Highway Safety Officials Offering CMV Training To Honor Nursing Students
Class for Georgia Officers in Memory of Students Killed in Crash with a Tractor Trailer
Following multiple fatal crashes involving commercial trucks and passenger vehicles this year, the Georgia Department of Public Safety and Governor’s Office of Highway Safety have announced a free training class that will give law enforcement officers additional instruction in commercial motor vehicle citations, crash investigations and crash prevention. The training is being offered tomorrow, Nov. 12, to mark the six-month anniversary of the I-16 crash that killed five Georgia Southern University nursing students when they were involved in a collision with a tractor trailer.
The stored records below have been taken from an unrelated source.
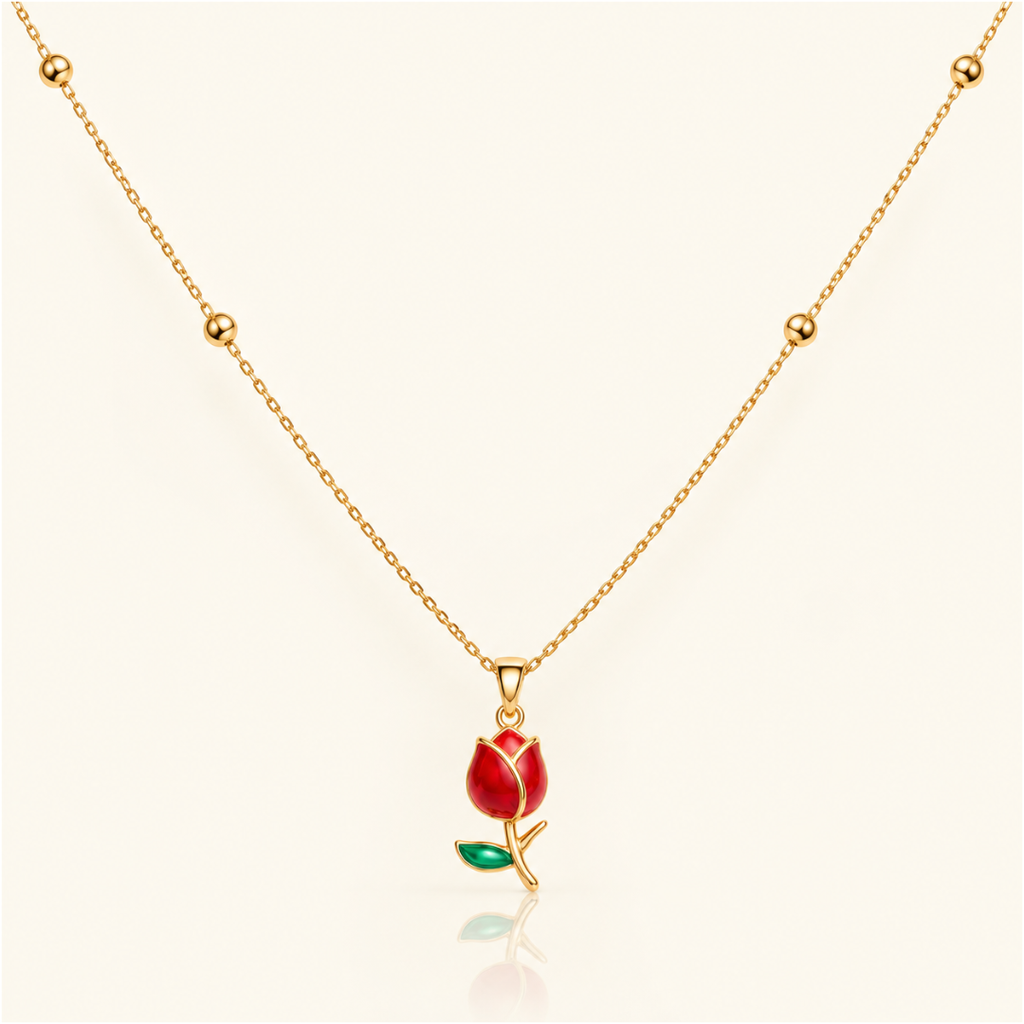 Golden Red Rose Necklace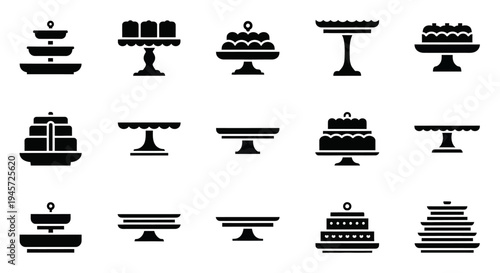 Collection of Various Cake Stands and Dessert Display Holders Illustrated in Black and White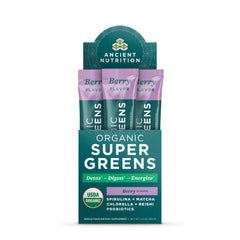 Ancient Nutrition SuperGreens Probiotics Organic Berry flavor packaging
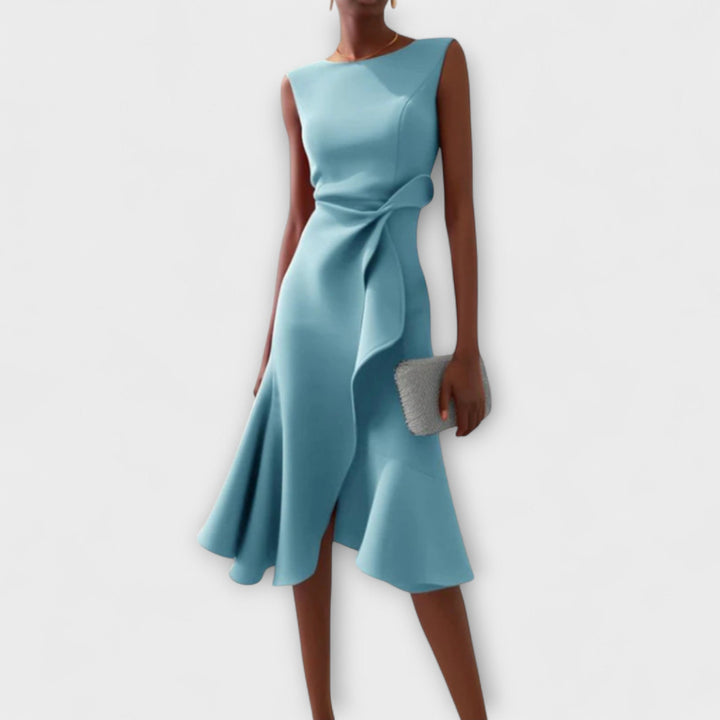 Julia - Asymmetrical Draped Midi Dress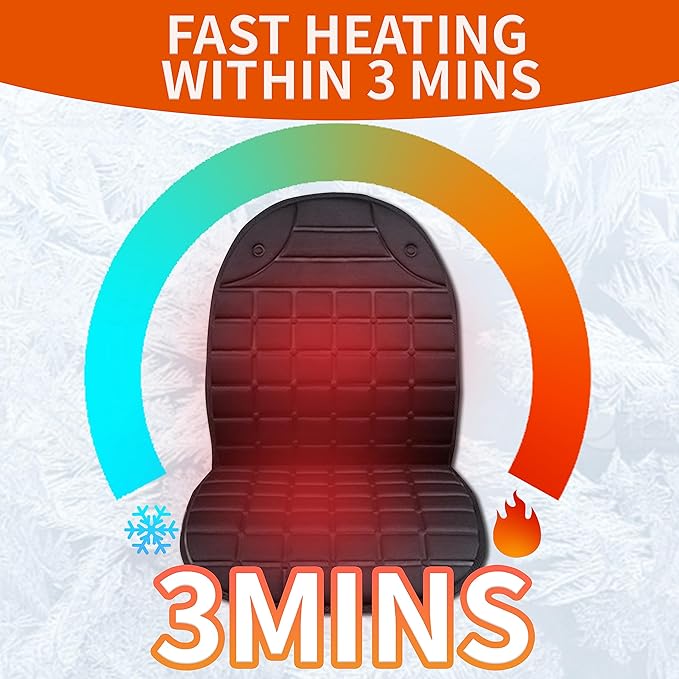 Heated Seat Covers, 2 Fast Heating Models Heated Seat Cushion Black - Image 2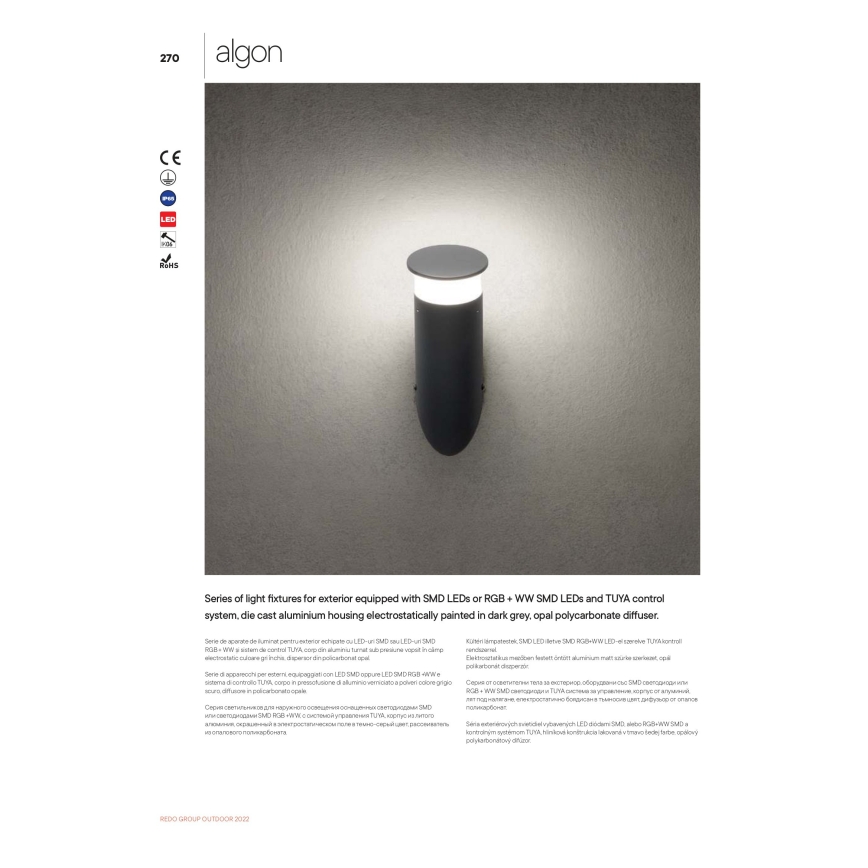 Redo 90073 - LED RGBW utomhusväggarmatur ALGON LED/6W/230V Wi-Fi Tuya IP65 antracit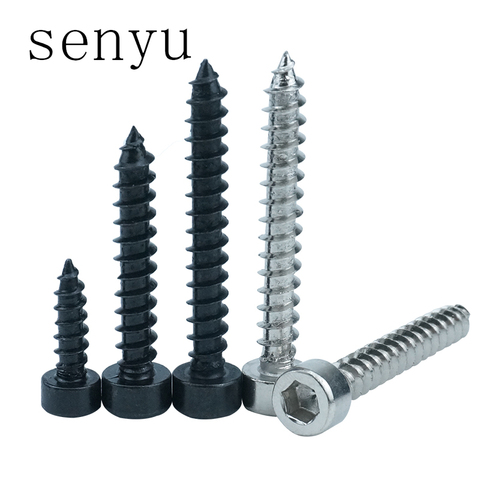 100/50pcs M2 M2.6 M3 M4 M5 M6 Hexagon Hex Socket Cap Head Self Tapping Screw Stainless Steel Black Allen Head Screw for Speaker ► Foto 1/5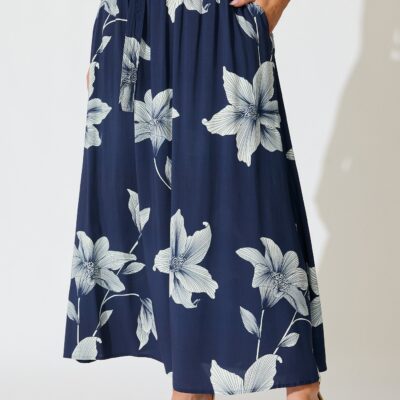 St Frock Tyra Maxi Skirt in Navy with White Floral Print — 8 - Image 1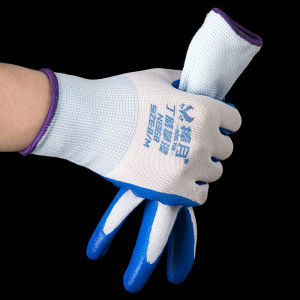 Homenhome 12 PCS Anti Slip and Durable Nitrile Rubber Wear-resistant Construction Site Work Protective Gloves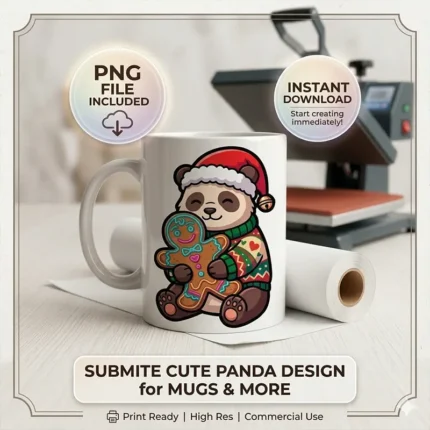 Diseño PNG de Oso Panda Navideño con Galleta de Jengibre para Sublimación y DTF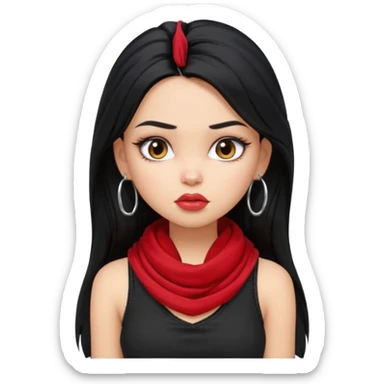 a pretty bratz girl with long black hair, kajal under eyes, small silver hoop. black tank top on. Red scarf around neck sticker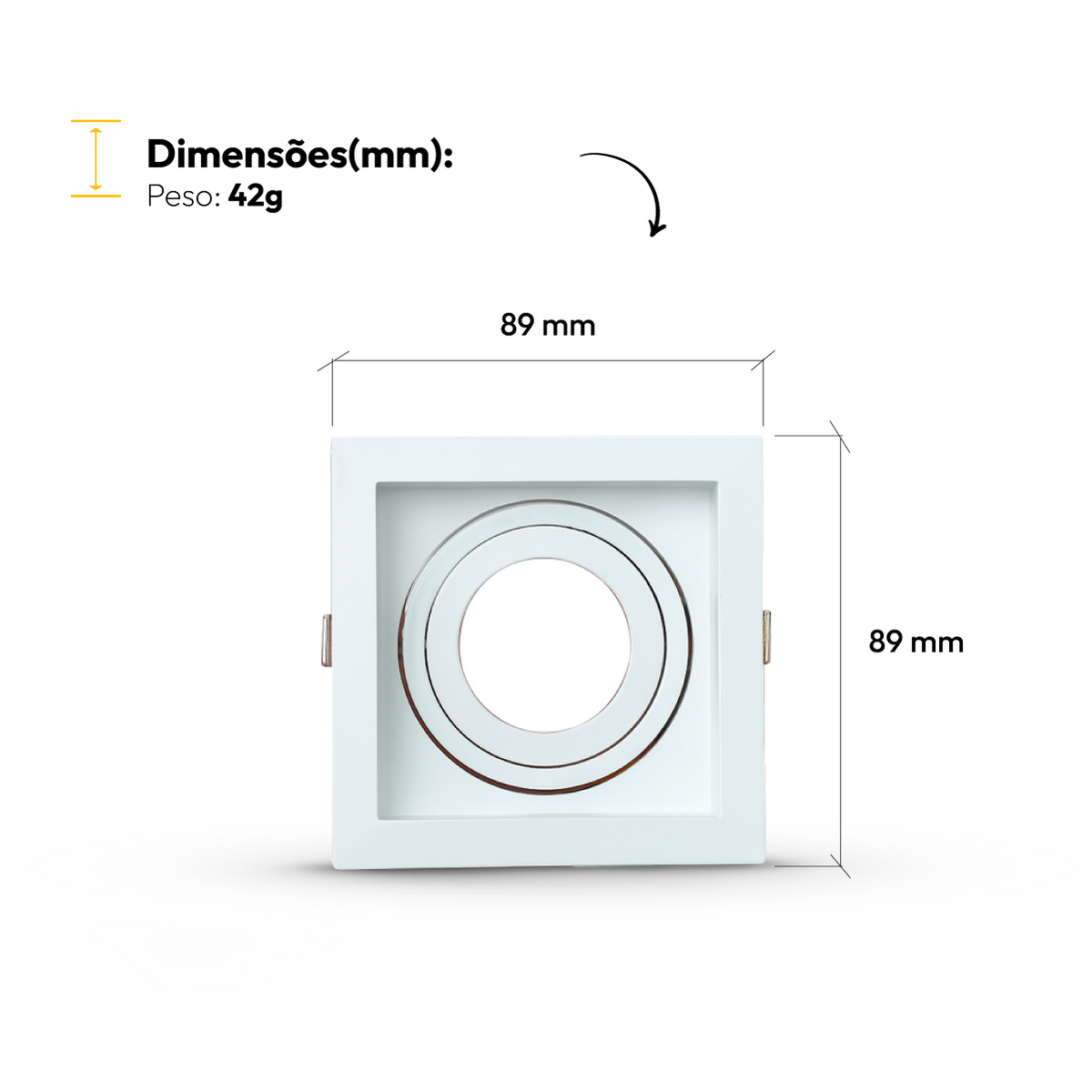Spot Led Recuado Embutir Gu10 MR16 Quadrado Branco Alut - ALUT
The class is offered in partnership with Georgia Southern at the university’s Shooting Sports Education Center and coincides with the recent launch of the yearlong Stop The Threat campaign, which is a high visibility enforcement program by the Georgia State Patrol and Motor Carrier Compliance Division to target the unsafe driving practices of CMV drivers.
“Education and enforcement go hand-in-hand to promote traffic safety on our state’s roadways,” Georgia Department of Public Safety Commissioner Colonel Mark W McDonough said. “These classes will help law enforcement officers identify the common contributing factors in commercial vehicle crashes and what actions they can take to correct the driving infraction before a crash occurs.”
From 2008 to 2014, Georgia averaged 100 large truck crashes per year with an average of almost 113 fatalities each year. That means that for the last seven years, at least one person has died in every large truck collision. That is the kind of deadly math Georgia does not want motorists to learn.
“The Governor’s Office of Highway Safety plans to make this training available to as many officers as possible through our traffic enforcement networks,” GOHS Director Harris Blackwood said. “This is another tool we can use in our effort to reduce injuries and fatalities on Georgia roads.”
Law enforcement statewide were invited to pre-register for today’s training class, which is being offered in both a morning and afternoon session. Interim Georgia Southern President Jean Bartels, who was the Provost of the Georgia Southern nursing school at the time of the students’ death, is scheduled to address the class.